We published the first freely available research corpus annotated using the TEI Guidelines for SGML markup of such material (Burnard and Sperberg-McQueen 1994, Bard et al. 1992), developed a simplified version of SGML for use in language processing and distributed a free API and toolkit based on this (Thompson et al. 1995). Normalised SGML, as we called this simplification, was an important input into the design process for XML itself, which the proposer participated in as one of the original members of what was initially called the SGML Working Group of the W3C in 1997.
The LTG migrated its normalised SGML tools to XML and started developing a suite of XML-aware tools for use in data-intensive applications (for an overview, see McKelvie et al. 1998). The core of these tools is LT XML (Thompson et al. 1998), an integrated set of XML tools and a developers' tool-kit, including a C-based API, running on UNIX and WIN32 platforms. LT XML has now been licenced to over 4500 individual worldwide in academic and industrial environments. The core validating XML parser at the heart of that system, called RXP (Tobin 1999), is widely acknowledged as one of the two best high-performance validating parsers available.

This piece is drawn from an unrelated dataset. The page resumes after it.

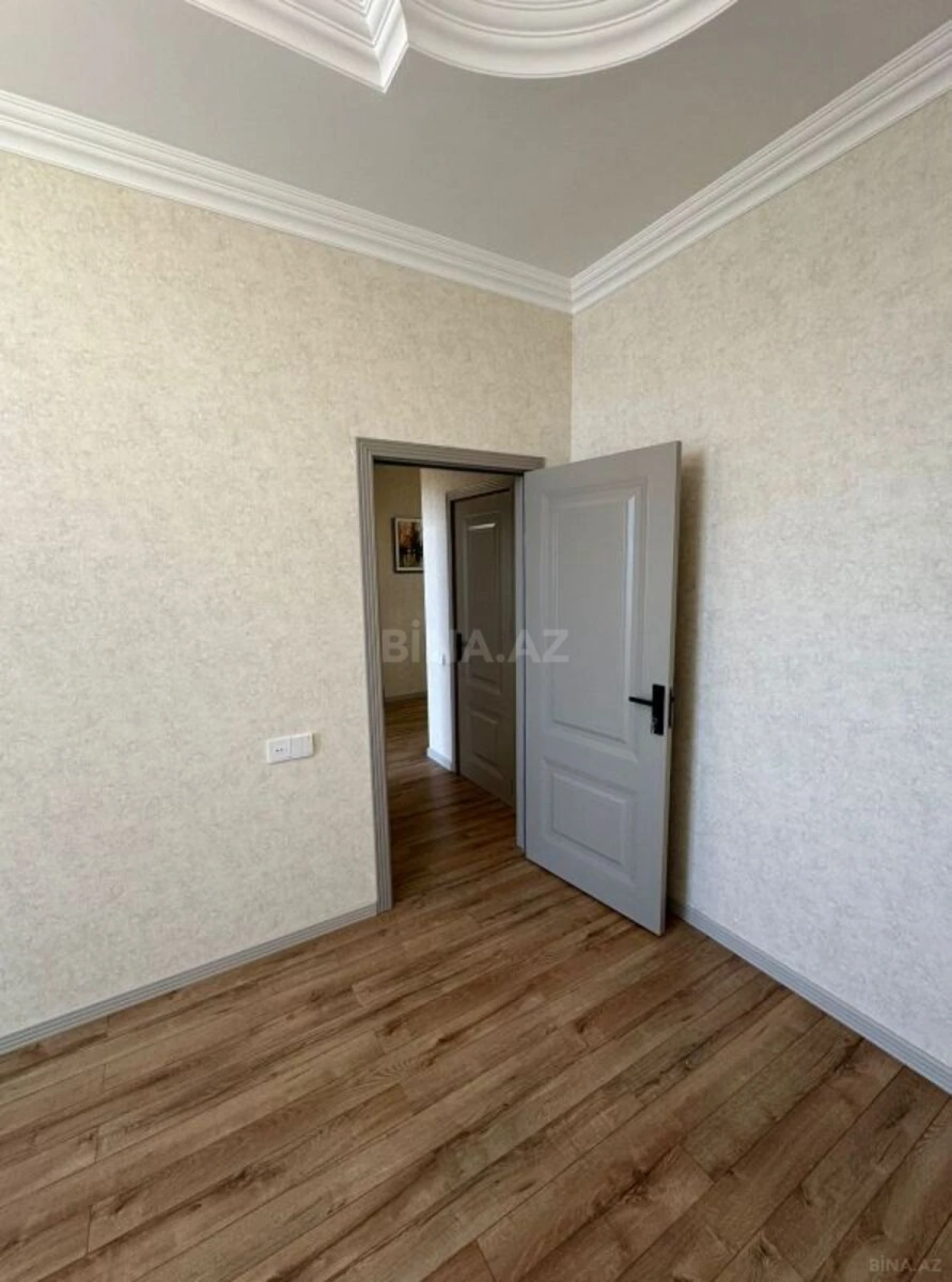 Satılır 3 otaqlı mənzil 90 m²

The proposer has been involved with the core XML technologies of the proposed work, XSLT and XML Schema (see below) from the very start, having collaborated in the initial research and design work (Adler et al. 1997) which led to the formation of the XSL Working Group which wrote the XSLT Recommendation, and similarly published an early exposition of the need for what became XML Schema which included a number of key design ideas now incorporated in the XML Schema draft recommendation (Thompson et al. 2000) of which he is a co-editor.
Support for our work on XML and related markup technologies has come from EPSRC (project NSCOPE, GR/L29125, with the proposer as Principal Investigator and the named RA as major contributor), the European Union Project MATE (on a Multilevel Annotation Tool for corpora; see McKelvie et al. 2000) and the ESRC (the Core Grant to the Human Communication Research Centre, 1989-1999). Our work in this area has also attracted industrial support, with direct grants from Sun Microsystems and Microsoft.